Many industries, such as staffing and construction, turn to accounts receivable factoring to improve their business cash flow. With accounts receivable factoring, a factoring company buys the unpaid invoices from the business and advances immediate cash less a small fee. Before a company makes a decision on which factoring company to choose they must research the different types of accounts receivable factoring services available in order to find the best match.
Different Types of Factoring Services
Invoice factoring companies can accommodate business cash flow needs in several ways
Recourse factoring: With recourse factoring, the client assumes all the risk of unpaid debt from their clients. In other words, if their client does not pay the factoring company within the specified amount of time, the business must pay back the invoice amount. It can be risky for businesses with unpredictable clients, but the benefit is lower rates.
Non-recourse factoring: In a non-recourse factoring agreement, the factor is wholly responsible for unpaid invoices in the case of client bankruptcy or insolvency. However, non-recourse factoring does NOT cover situations in which the customer disputes the invoice, either for accuracy or due to an issue with the product or service. To offset the risk, often a factor will charge higher factoring fees and advance rates.
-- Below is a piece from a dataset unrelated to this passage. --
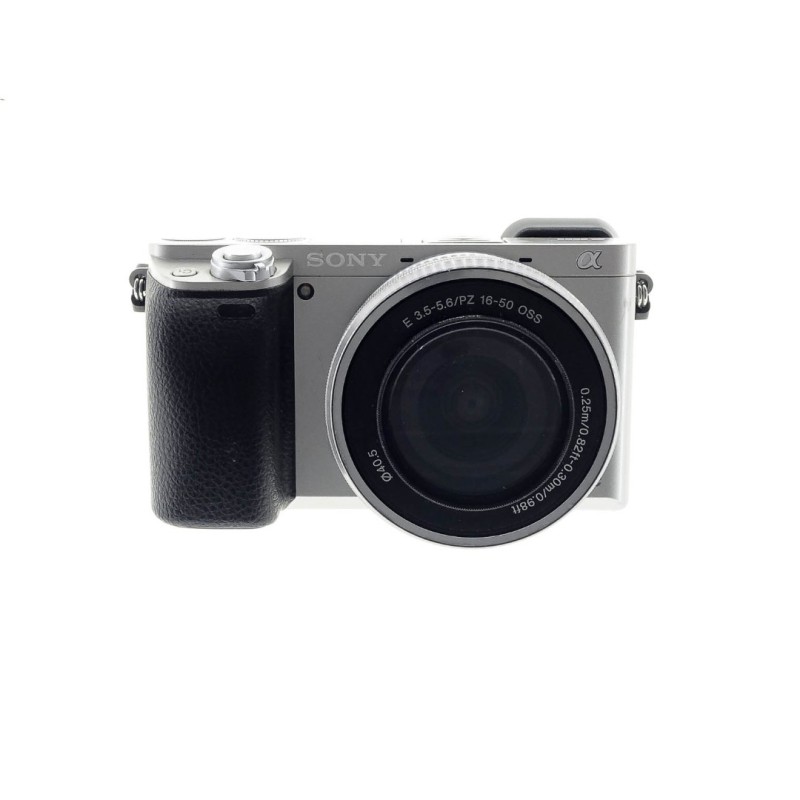 Sony A6000 APSC + 16-50 E power zoom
Spot factoring: Spot factoring offers no long-term contract with the factoring company, and instead factoring is done on a case-by-case basis. Non-recourse and recourse factoring require all invoices to go to the factor, but spot factoring enables the company chooses which invoices to factor.
Of these types of factoring services, recourse factoring is a popular solution because it offers lower factoring rates and fees. Recourse factoring gives businesses the most money for their invoices, which means opportunity for growth. Since the factoring company also checks the credit history of the business’s clients before approval, bad debt is unlikely from clients who have a clean past. This mitigates the risk the company takes when they assume the responsibility for all invoices given to the factor. For good clients, lower factoring fees, higher advance rates and many other reasons, recourse factoring is a good way to go for companies wanting the most bang for their invoices’ proverbial buck.